The analysis is directly relevant to policy interventions that the Chinese government can make. Dr. Bengo hopes her paper contributes to influencing the reformation of the Hukou system because it does not fulfill its intended goal, which is to thwart rural-to-urban migration, and because it indirectly drives health disparities across rural to urban migrants with different Hukou status.
Her work focuses on different continents, and is a part of a network composed of a variety of professionals, academics, government agencies, and financial institutions located worldwide.
In South Africa, Dr. Bengoa serves as an external senior professor at the University of Johannesburg. Her work, which she says is, “publishable [this coming] Spring,” has helped to elucidate the impact of the R&D tax credit in South Africa and the issues associated with it, as well as the impact of innovation on employment growth.
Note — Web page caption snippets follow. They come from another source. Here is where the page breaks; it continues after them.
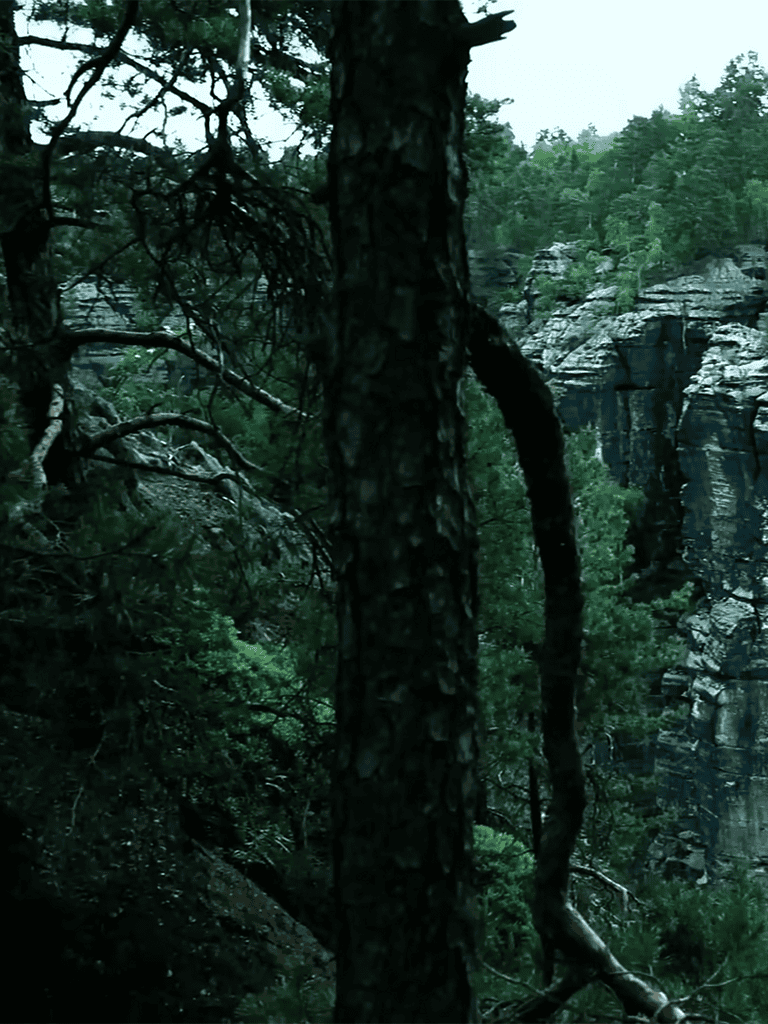 Tree in dense forest with rocky cliffs background.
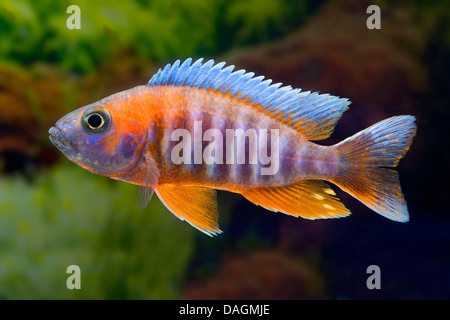 Il lago Malawi cichlid butterfly, Fairy cichlid (Aulonocara jacobfreibergi Eureka), Eureka Foto Stock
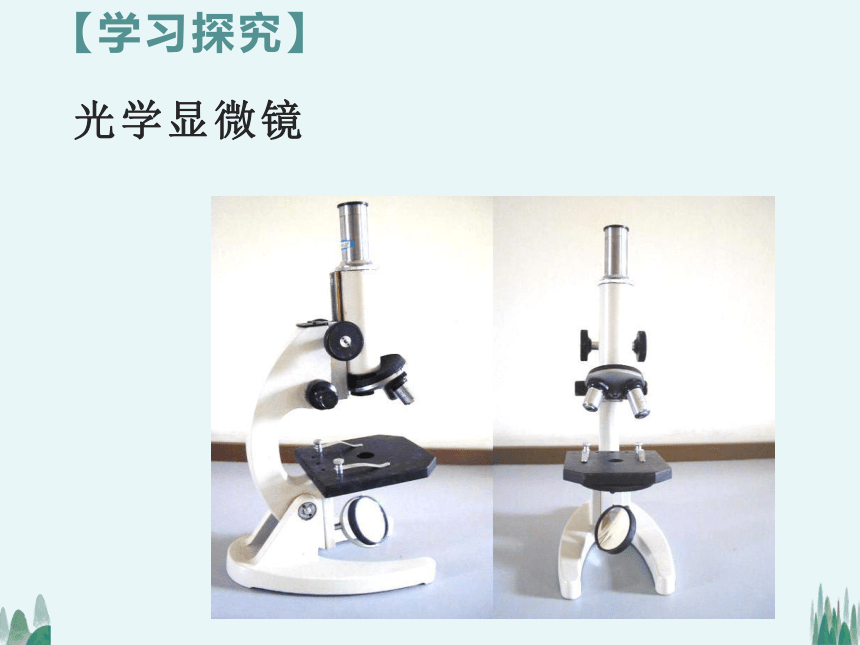 2021——2022学年人教版七年级生物上册2.1.1练习使用显微镜 课件（28张PPT）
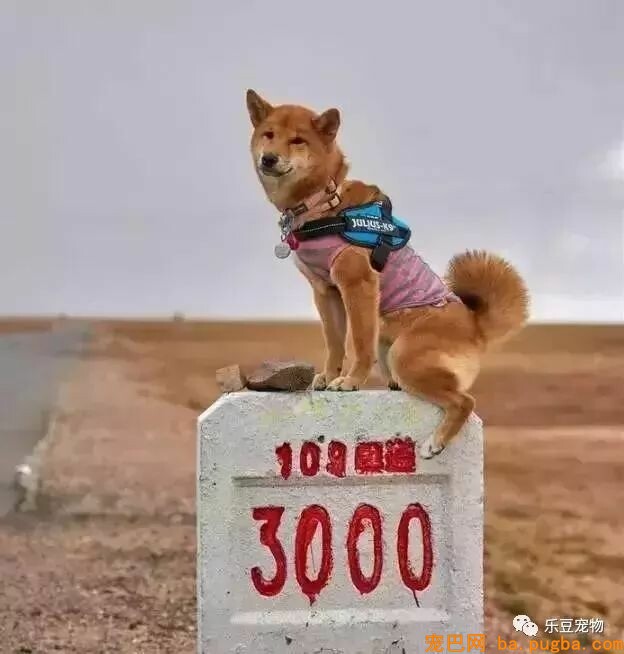 五只狗狗与主人结伴而行，共游西藏的画面，暖化人心……-7.jpeg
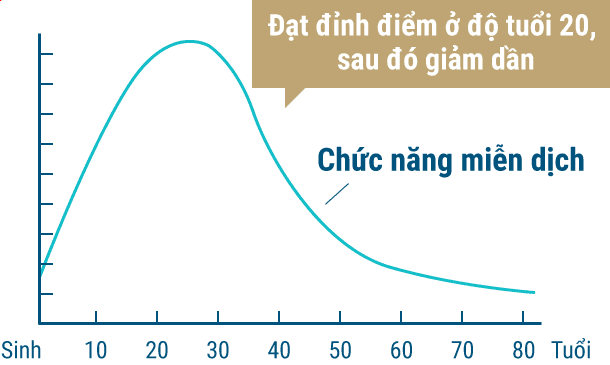 Đạt đỉnh điểm ở độ tuổi 20, sau đó giảm dần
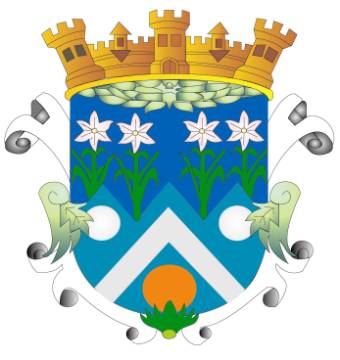Escudo de Armas Municipal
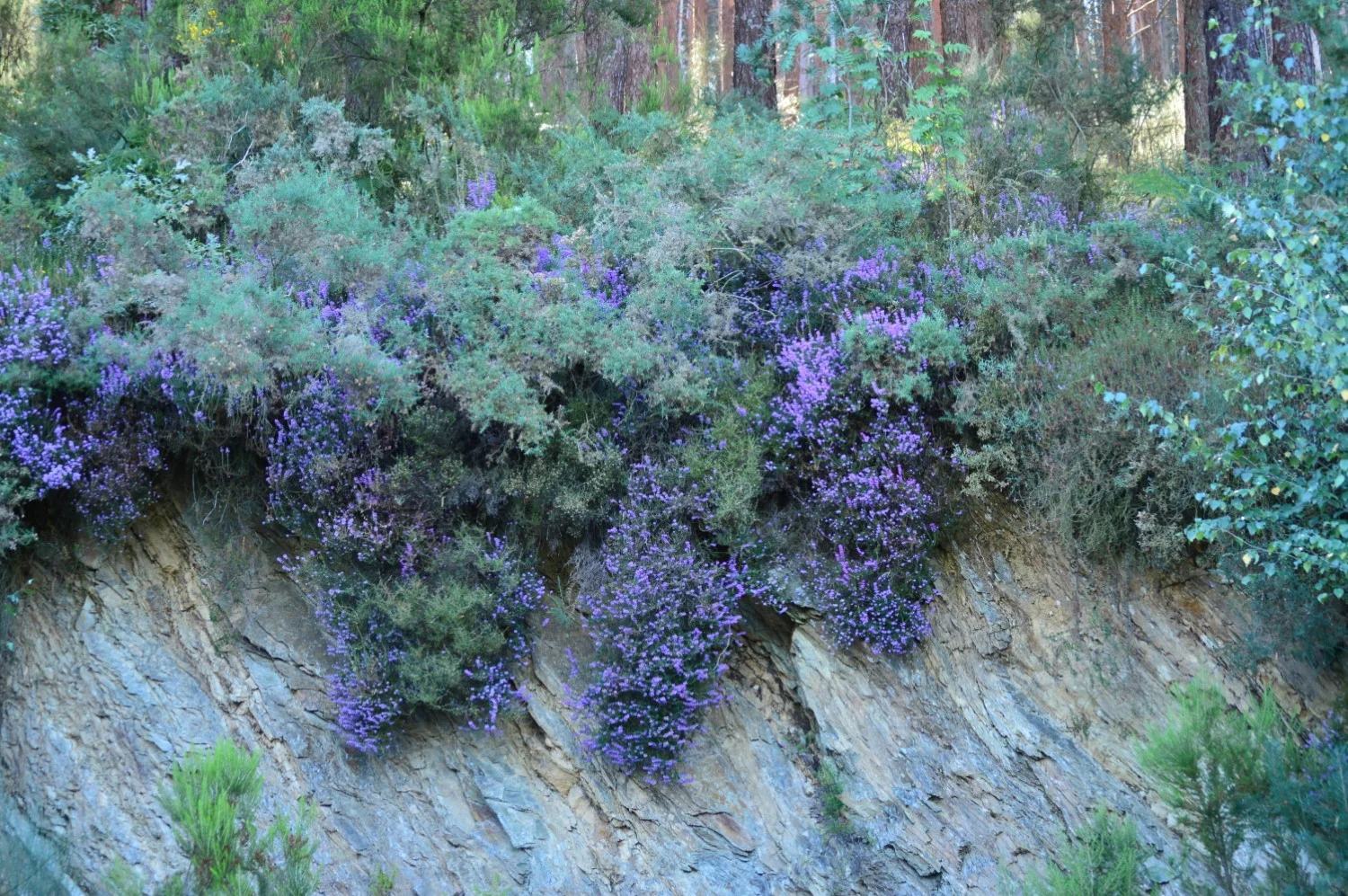divoke_kvety_a_eucalyptus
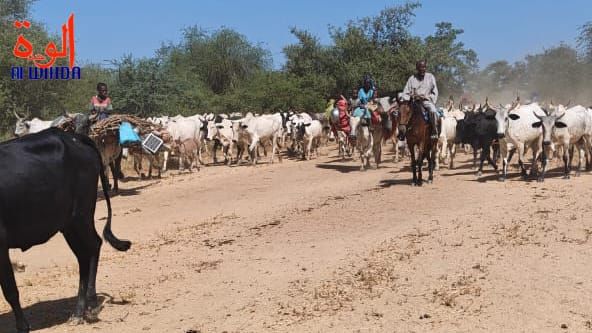 Tchad : au Salamat, éleveurs et agriculteurs entendent le message des autorités sur la paix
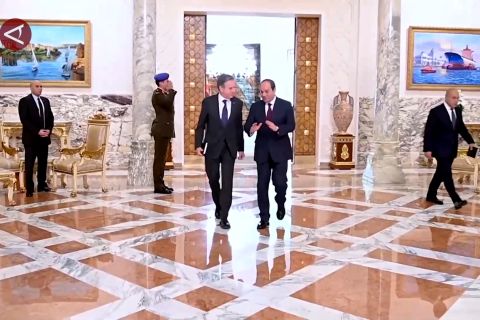 Presiden Mesir bertemu Menlu AS, bahas krisis Gaza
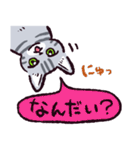 サバトラ猫です（個別スタンプ：19）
“The National Treasury of South Africa in collaboration with The United Nations University World Institute for Development Economics Research (UNU-WIDER) has allowed me to have access to all firm level data of the country; administrative data, and custom records; in a policy lab in the 9th floor of the Treasury, Macroeconomics Department. There, I have access to the anonymized data, and can clean and manage the data to produce the research.”
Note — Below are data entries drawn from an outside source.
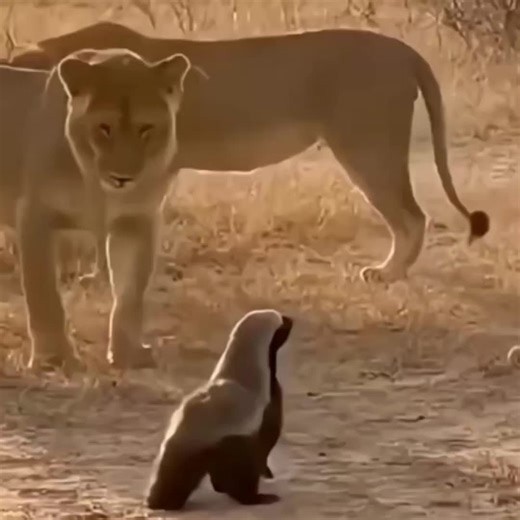 the bravest animal ever☠️🔥#trend#fyp#kesfet#aşkımçokpardon#foryoupage | Honey badger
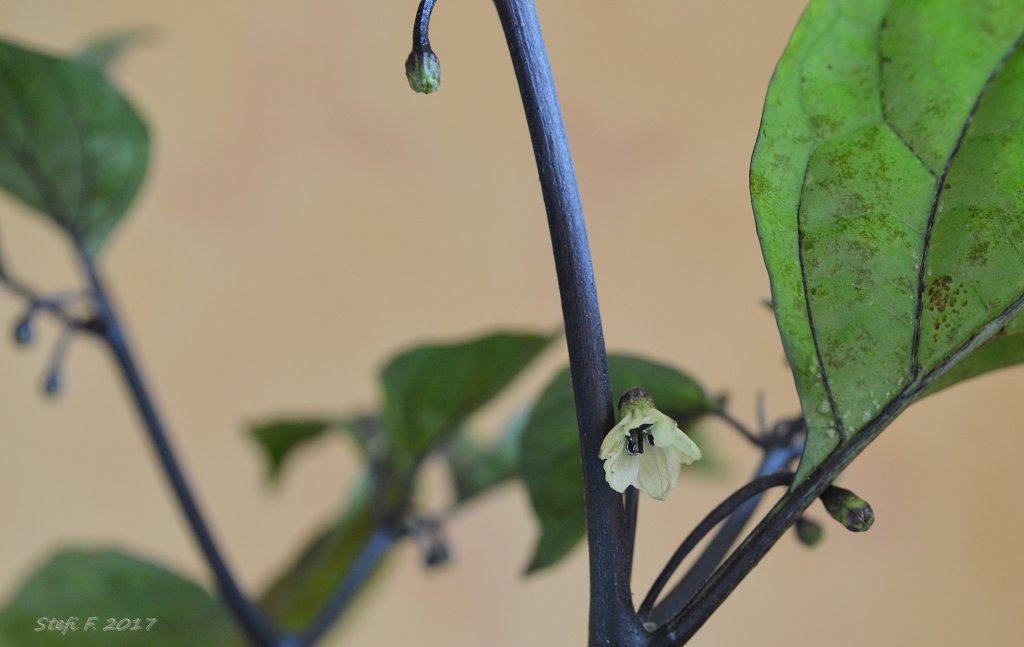 Black Bhut Blüte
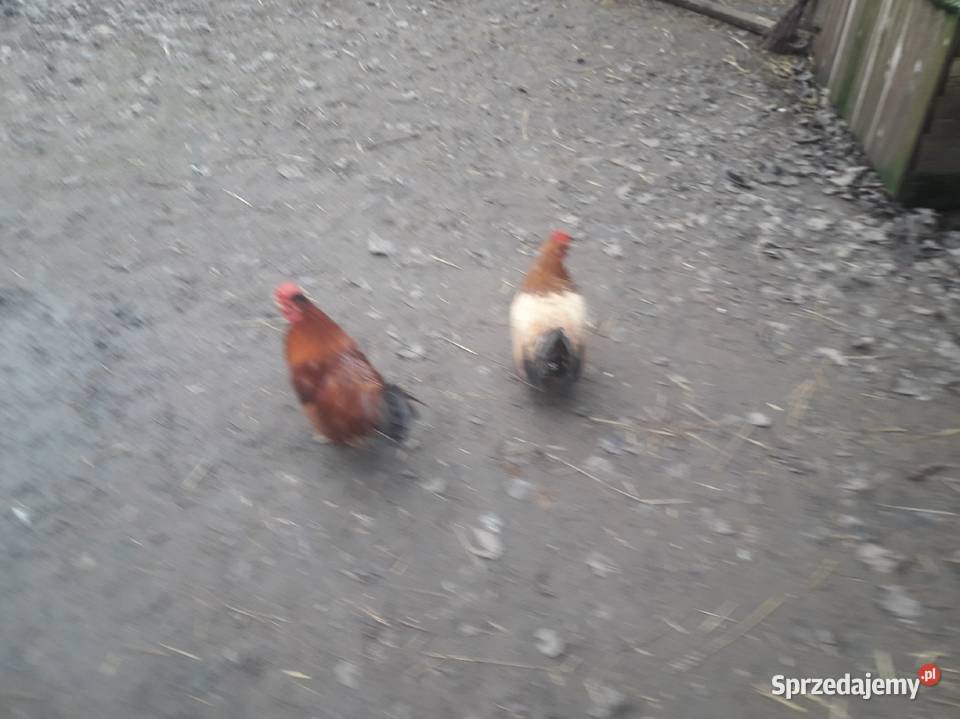 Kogut zielononżek i liliputy zielononżki Czarnocin sprzedam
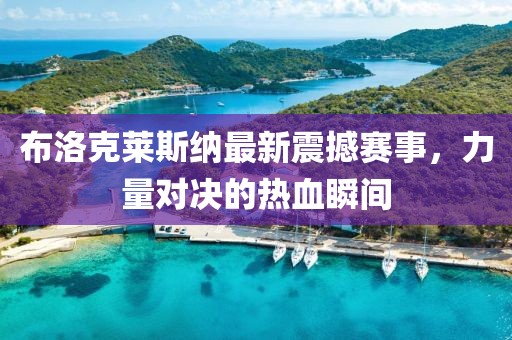 布洛克莱斯纳最新震撼赛事，力量对决的热血瞬间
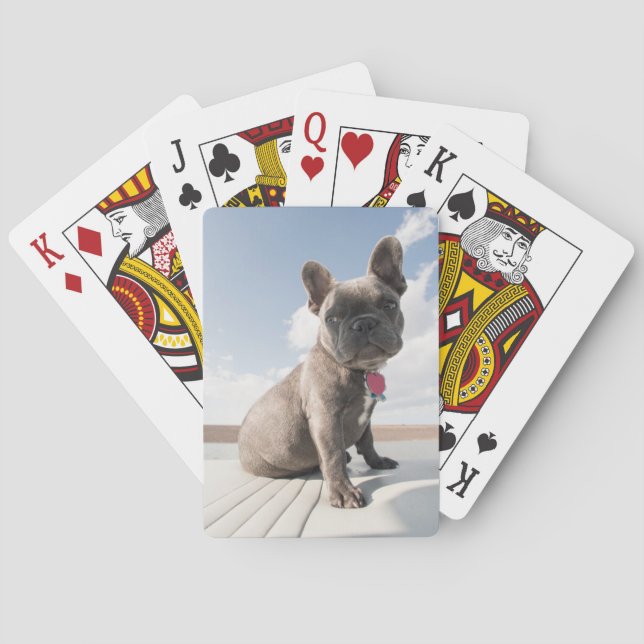 Cutest Baby Animals | French Bulldog Boating Playing Cards (Back)
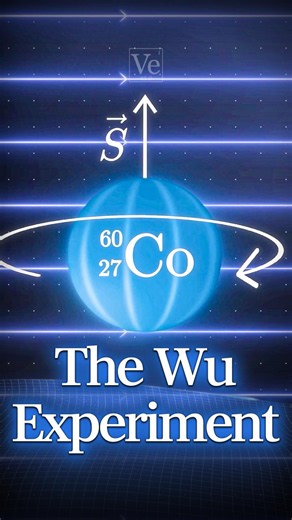 The Experiment That Almost Broke Physics #veritasium #science #physics #symmetry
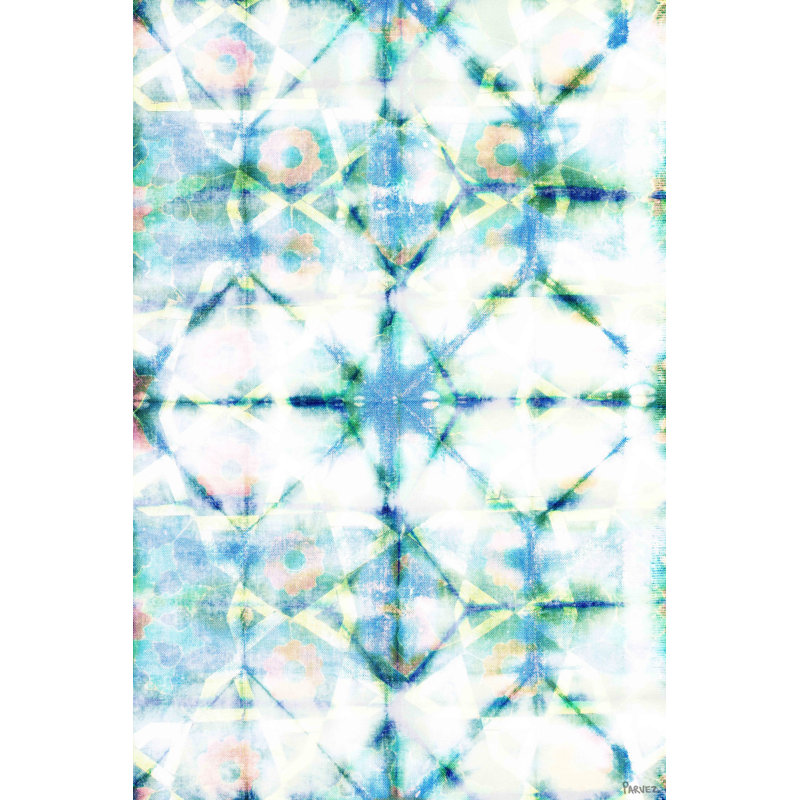 Parvez Taj - Wrapped Canvas Print, 76cm H x 51cm W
She also does work in Latin America. Her work she says, “informs policy makers, so they can implement the right decisions, based on science,” and shares that the most exciting aspect of her work is traveling to see if the conclusions she’s drawn from her analysis are real.
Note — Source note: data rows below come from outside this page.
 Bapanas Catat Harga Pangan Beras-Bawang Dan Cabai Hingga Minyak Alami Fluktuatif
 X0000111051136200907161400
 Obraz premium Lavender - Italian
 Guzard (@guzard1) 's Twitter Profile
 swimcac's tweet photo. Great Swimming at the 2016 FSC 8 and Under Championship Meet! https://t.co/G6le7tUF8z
“You can do data analysis from home, from my computer, from my office, but when that is done, something is missing. You don’t really understand the society and the culture going on,” she says, “..the most interesting aspect of my research is gathering the data, analyzing the data and then going to those areas and check[ing] if what my data is saying actually can be seen observationally.
Talking with policy makers, talking with local researchers, interacting with the people of those countries, discussing and exchanging ideas with the researchers from those countries — that gives you the local vision and the local wisdom.”